● Input data:
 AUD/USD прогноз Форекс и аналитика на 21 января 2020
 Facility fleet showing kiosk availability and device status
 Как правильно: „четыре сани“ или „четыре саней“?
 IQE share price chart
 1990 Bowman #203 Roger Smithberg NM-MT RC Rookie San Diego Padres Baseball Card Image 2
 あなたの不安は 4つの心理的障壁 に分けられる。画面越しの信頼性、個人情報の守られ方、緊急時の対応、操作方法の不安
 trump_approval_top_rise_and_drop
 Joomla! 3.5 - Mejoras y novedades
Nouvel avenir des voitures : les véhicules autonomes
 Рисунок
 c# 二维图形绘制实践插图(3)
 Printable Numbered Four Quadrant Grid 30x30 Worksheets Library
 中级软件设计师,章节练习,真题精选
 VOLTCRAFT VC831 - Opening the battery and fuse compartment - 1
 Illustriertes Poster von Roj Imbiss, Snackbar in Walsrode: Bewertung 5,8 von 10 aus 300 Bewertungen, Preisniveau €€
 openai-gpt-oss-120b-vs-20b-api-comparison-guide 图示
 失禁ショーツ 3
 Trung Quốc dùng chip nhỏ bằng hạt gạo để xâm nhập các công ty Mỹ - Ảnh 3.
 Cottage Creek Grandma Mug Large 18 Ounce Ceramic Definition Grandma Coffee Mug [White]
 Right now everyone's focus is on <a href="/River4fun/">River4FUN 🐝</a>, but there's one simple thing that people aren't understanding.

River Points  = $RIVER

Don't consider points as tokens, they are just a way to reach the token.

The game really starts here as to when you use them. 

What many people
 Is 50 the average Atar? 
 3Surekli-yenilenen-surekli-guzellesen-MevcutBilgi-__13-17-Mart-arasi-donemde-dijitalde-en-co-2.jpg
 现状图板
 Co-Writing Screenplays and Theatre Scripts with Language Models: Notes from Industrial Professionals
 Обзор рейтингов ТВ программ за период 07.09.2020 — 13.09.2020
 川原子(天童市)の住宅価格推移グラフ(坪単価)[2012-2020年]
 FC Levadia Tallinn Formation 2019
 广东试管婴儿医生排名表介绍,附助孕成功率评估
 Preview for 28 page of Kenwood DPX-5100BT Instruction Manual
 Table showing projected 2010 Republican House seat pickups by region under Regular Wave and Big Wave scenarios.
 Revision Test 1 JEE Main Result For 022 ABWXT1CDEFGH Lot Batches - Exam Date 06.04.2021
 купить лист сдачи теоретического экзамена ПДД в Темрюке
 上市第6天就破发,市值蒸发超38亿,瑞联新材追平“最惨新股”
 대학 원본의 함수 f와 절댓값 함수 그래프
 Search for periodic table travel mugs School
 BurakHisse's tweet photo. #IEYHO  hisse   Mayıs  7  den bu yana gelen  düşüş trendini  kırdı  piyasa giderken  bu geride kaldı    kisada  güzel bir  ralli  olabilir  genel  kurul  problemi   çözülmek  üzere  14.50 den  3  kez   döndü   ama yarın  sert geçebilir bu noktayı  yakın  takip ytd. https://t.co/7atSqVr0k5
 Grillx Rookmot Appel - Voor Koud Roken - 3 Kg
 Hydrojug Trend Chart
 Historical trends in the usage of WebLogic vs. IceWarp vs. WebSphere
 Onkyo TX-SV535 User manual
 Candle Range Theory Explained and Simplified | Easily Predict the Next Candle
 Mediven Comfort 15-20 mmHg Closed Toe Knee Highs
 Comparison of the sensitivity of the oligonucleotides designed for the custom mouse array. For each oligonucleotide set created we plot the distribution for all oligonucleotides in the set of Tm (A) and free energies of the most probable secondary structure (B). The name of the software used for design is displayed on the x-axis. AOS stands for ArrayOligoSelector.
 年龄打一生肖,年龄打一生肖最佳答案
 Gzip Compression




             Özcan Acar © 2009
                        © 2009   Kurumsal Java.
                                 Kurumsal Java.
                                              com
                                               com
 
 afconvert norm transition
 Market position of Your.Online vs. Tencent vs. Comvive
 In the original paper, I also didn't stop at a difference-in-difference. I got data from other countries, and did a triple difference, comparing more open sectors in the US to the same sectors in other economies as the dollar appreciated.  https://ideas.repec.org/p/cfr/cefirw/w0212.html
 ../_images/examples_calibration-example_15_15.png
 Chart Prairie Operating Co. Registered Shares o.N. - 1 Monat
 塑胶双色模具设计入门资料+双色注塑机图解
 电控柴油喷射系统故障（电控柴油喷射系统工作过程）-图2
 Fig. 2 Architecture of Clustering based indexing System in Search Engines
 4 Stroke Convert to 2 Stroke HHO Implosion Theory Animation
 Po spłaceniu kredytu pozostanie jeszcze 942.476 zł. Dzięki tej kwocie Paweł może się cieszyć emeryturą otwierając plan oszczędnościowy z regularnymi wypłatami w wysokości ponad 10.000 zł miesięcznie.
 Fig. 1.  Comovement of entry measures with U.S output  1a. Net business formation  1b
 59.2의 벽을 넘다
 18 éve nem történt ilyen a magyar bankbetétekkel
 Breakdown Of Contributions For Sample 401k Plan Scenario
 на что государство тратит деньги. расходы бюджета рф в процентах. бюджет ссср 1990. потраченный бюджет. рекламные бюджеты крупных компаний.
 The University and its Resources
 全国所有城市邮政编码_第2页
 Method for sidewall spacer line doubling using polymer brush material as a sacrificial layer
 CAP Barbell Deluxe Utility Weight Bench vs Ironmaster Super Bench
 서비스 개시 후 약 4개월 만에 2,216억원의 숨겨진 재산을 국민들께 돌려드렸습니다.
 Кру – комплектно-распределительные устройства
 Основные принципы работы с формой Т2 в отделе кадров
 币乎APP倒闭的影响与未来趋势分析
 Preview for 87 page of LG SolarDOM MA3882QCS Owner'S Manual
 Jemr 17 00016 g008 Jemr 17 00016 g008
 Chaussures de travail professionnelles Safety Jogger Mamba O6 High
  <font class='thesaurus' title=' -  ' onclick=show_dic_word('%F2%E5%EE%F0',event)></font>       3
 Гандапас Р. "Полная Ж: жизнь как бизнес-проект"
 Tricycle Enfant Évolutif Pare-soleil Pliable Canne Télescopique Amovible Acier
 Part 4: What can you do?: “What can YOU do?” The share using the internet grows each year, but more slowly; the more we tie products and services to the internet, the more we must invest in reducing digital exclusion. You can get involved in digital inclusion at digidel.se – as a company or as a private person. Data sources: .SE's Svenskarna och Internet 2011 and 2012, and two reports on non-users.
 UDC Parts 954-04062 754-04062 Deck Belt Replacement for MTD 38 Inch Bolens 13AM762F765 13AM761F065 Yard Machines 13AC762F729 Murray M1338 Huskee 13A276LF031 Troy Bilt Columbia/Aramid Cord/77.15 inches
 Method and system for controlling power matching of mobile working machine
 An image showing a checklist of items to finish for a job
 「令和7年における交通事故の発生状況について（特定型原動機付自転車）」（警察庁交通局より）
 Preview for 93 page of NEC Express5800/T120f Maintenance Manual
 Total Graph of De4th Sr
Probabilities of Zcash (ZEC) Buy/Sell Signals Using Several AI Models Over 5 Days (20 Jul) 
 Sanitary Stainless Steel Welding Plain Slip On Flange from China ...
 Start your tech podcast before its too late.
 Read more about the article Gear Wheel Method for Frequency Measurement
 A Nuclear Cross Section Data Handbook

● Aim of the exercise: Copy each line of the listing above that contains the word "Method".

● Answer space:
 Method for sidewall spacer line doubling using polymer brush material as a sacrificial layer
 Method and system for controlling power matching of mobile working machine
 Read more about the article Gear Wheel Method for Frequency Measurement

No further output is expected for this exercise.